• **ACTION ITEM**:
Reproduce word for word the lines between those holding "Settings Daily UI" and "Clementoni Üvegház könyvtár", inclusive, and nothing else from the data below.

• **DATA FOR THIS TASK**:
--------------------------------------------------

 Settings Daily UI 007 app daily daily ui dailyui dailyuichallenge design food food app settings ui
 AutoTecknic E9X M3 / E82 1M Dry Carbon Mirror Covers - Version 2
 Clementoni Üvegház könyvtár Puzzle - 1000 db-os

--------------------------------------------------

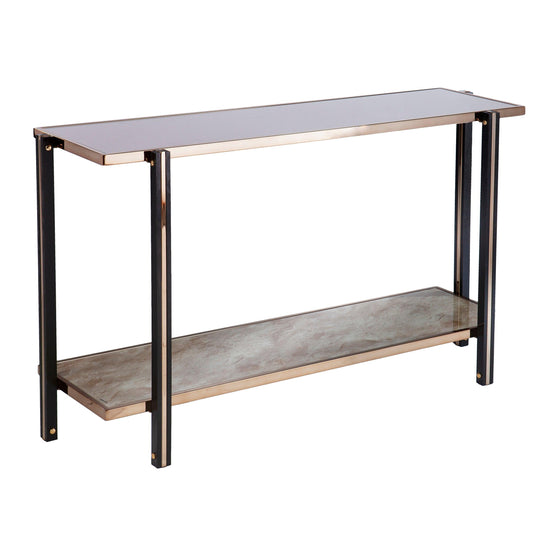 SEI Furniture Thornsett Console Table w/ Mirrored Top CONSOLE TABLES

--------------------------------------------------

• **ANSWER TO THIS EXERCISE**:
 Settings Daily UI 007 app daily daily ui dailyui dailyuichallenge design food food app settings ui
 AutoTecknic E9X M3 / E82 1M Dry Carbon Mirror Covers - Version 2
 Clementoni Üvegház könyvtár Puzzle - 1000 db-os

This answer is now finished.